Parke Family Buys All of Democrat Printing & Lithographing

Last month, Thomas Whitney was president of Democrat Printing & Lithographing, the large and venerable print shop in Little Rock with a history dating back to the Reconstruction era.

This month, Whitney has been enjoying duck hunting with his young yellow Labrador. In between, the Whitney family sold its half of the company to the Parke family, led by DP&L Chairman Frank Parke III, who confirmed the sale to Whispers on Tuesday, without providing any details.

Whitney also kept details of the transaction close to the vest, but said his family’s ownership went back to 1968, when his grandfather, Tom Whitney Sr., bought a stake in the operation, which specializes in magazine and catalog printing. At that point, the company was nearly 100 years old. According to the Encyclopedia of Arkansas, the Arkansas Democrat established the company in 1871 as part of the newspaper’s printing division.
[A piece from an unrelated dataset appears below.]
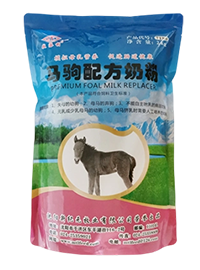 马驹配方奶粉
The newspaper left the ownership picture in 1906 when it divided its assets, and the Parke family became involved in 1938 when the Parke-Harper Printing Co. acquired DP&L and kept its name.

Family History

“My great-grandfather A.W. Parke was a newspaperman,” Frank Parke III told Whispers. “He and Clio Harper started a statewide news service about 1906.” That evolved into printing, and Parke’s grandfather Frank Herbert Parke joined the company after graduating from Princeton in 1924.
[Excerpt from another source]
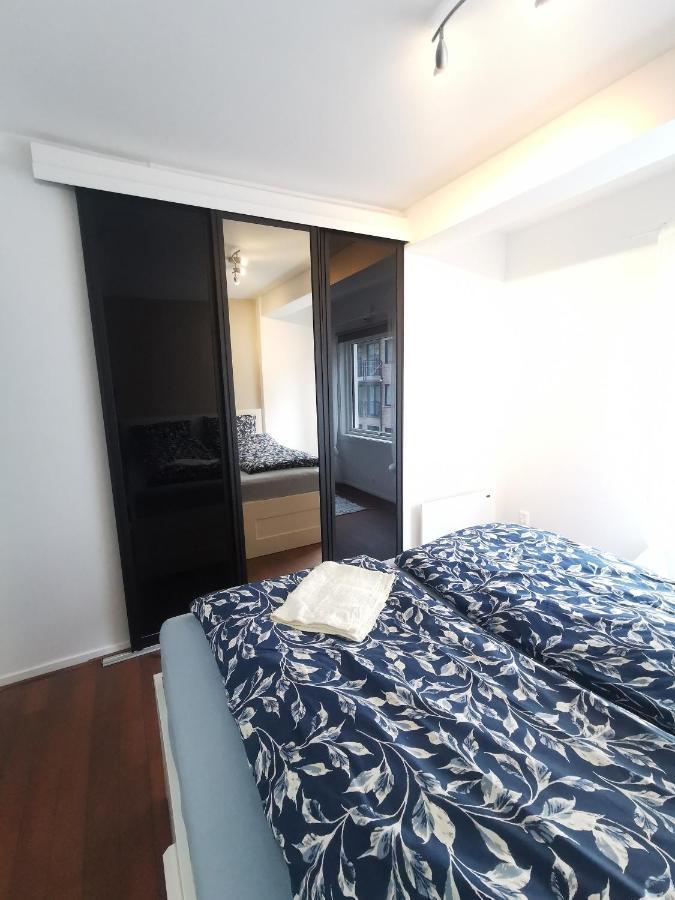 80 Square Metre Flat In The Heart Of Bergen - 2 Big Bedrooms Exteriér fotografie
The current chairman’s father, Frank Herbert Parke Jr., known as Bert, joined DP&L in 1954 after graduating from Vanderbilt and serving in the Air Force.

Thomas Whitney Sr. joined DP&L in 1968 when the company moved from sheet-fed printing to offset printing. Haynes Whitney joined the family business in 1975 after getting his Vanderbilt degree and was DP&L’s president for many years. “Haynes’ son Thomas III joined DP&L after graduating from SMU,” Parke said. “He also served as president for several years.”

Frank Parke III, a Hendrix College graduate, joined the company in 1980 and remains as chairman. His sister Emily Parke Stevens and nephew Logan Parke are on the board of directors. DP&L left its landmark downtown building on Second Street in 1999. One modern tenant of the building, which was added to the National Register of Historic Places in 1998, is Arkansas Business Publishing Group, publisher of this newspaper.

Thomas Whitney said his grandfather had worked with a number of printing companies and wanted to buy one, and his grandmother was from Little Rock. “So he bought a part of DP&L. After he died, my dad ended up buying more. Then we had half. Now we don’t anymore.

“But it was the best thing for our family, and that’s really about all I can say.”

Whitney said he hasn’t made any plans yet. “I’ve been enjoying my hunting season, and I just went on my first duck hunt of the year.” After curing his 2-year-old Lab’s gun shyness by firing a starting pistol at feeding time over the past year, she took to the hunt, well, like a duck to water. 

“I was fully expecting her to run back to the truck immediately when somebody shot,” he said. “But she did a great job, and it was really wonderful.”